*** Records for processing ***

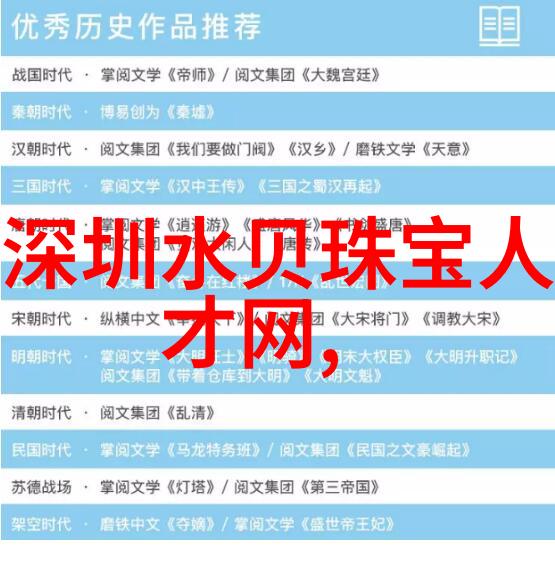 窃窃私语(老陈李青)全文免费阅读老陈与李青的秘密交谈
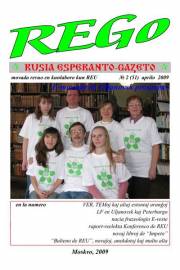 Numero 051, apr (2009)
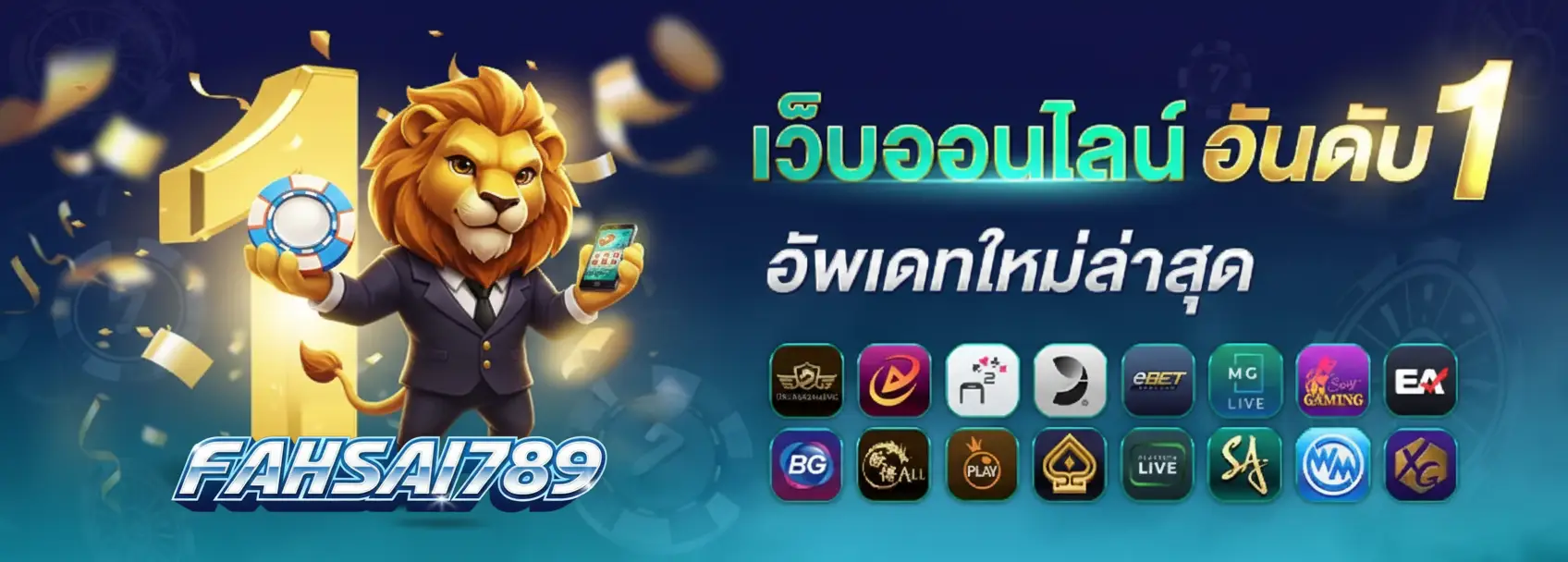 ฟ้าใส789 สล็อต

*** End of Records for processing ***
*** Records for processing ***

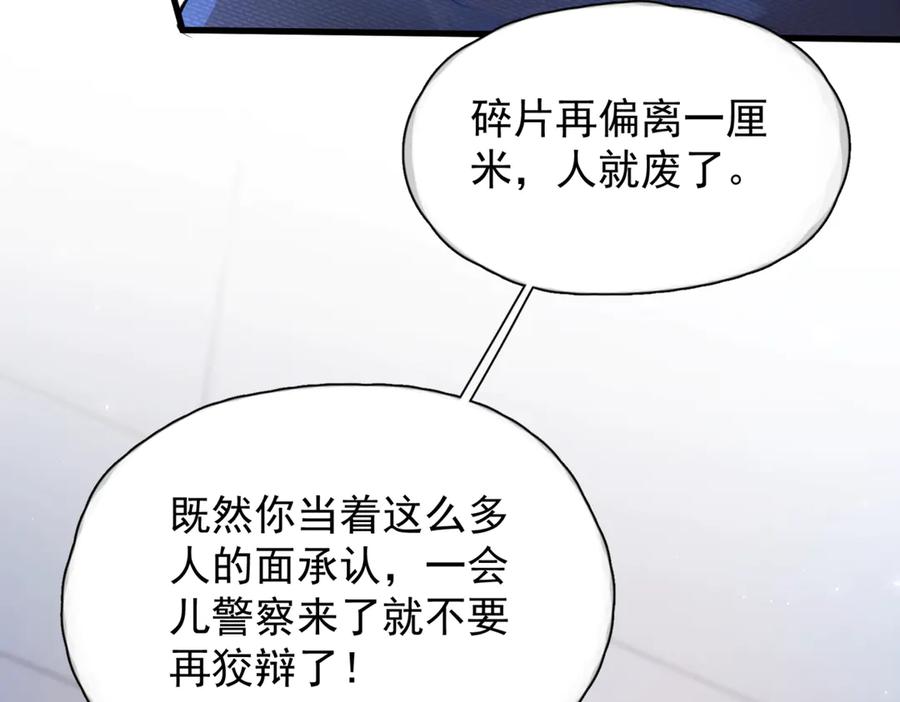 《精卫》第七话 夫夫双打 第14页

*** End of Records for processing ***

How to complete this task: For the data above, set down exactly the lines from the line with "窃窃私语(老陈李青)全文免费阅读老陈与李青的秘密交谈" to the line with "ฟ้าใส789 สล็อต", both included, leaving pictures out.

Completed exercise:
 窃窃私语(老陈李青)全文免费阅读老陈与李青的秘密交谈
 Numero 051, apr (2009)
 ฟ้าใส789 สล็อต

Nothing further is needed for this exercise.